Defendant has met that burden here. First, Defendant removed this cause from the state court within 30 days. 28 U.S.C. § 1446(b). Moreover, Plaintiff alleges that the putative class consists of “at least thousands of members.” [Compl. ¶ 40.] Similarly, there is no question that one class member (Plaintiff) is diverse from the sole Defendant: they are residents of California and both Minnesota and Delaware respectively. [Id. ¶¶ 11-12.]
The only open issue is whether the amount in controversy exceeds $5,000,000. Plaintiff has not pleaded a request for damages. Instead, Plaintiff seeks restitution and disgorgement of (among other monetary gains) revenues, profits, and earnings from the sale of the relevant product. [See Compl. ¶¶ 76-77.] Indeed, “[t]he only remedies available under the [UCL and FAL] are injunctive relief and restitution.” See Phillips v. Apple Inc., 725 Fed.Appx. 496, 498 (9th Cir. 2018) (referencing Cal. Bus. & Prof. Code §§ 17200, 17500, and state cases).
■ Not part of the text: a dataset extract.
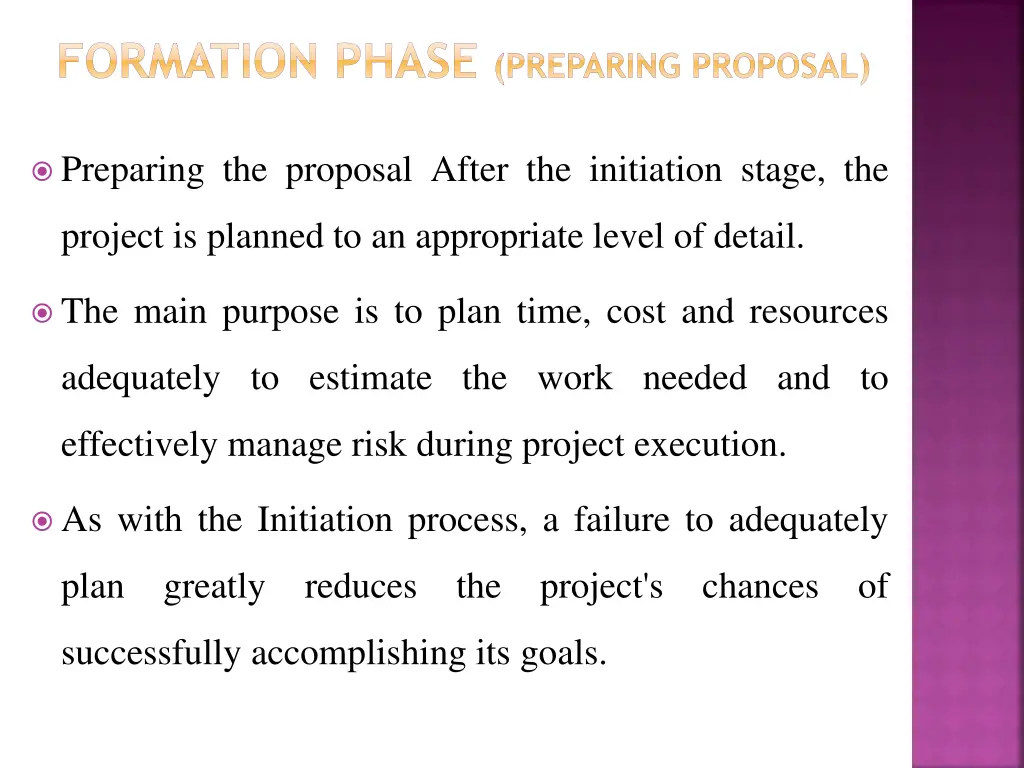 formation phase preparing proposal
The Court can look to evidence supplied by the Defendant to resolve the amount-in-controversy question. Nathan v. Fry's Elecs. Inc., 607 Fed.Appx. 623, 623 (9th Cir. 2015) (accepting declaration from company representative that sales in California exceeded $5 million). According to a declaration submitted by a General Mills finance manager responsible for marketing and sales data for Defendant's products across California, total in-state sales of the fruit snacks in question during the class period exceeded $5 million. [ECF No. 1-2 ¶¶ 1-4.] From this uncontested evidence, the Court is satisfied that this lawsuit meets the jurisdictional threshold set by CAFA.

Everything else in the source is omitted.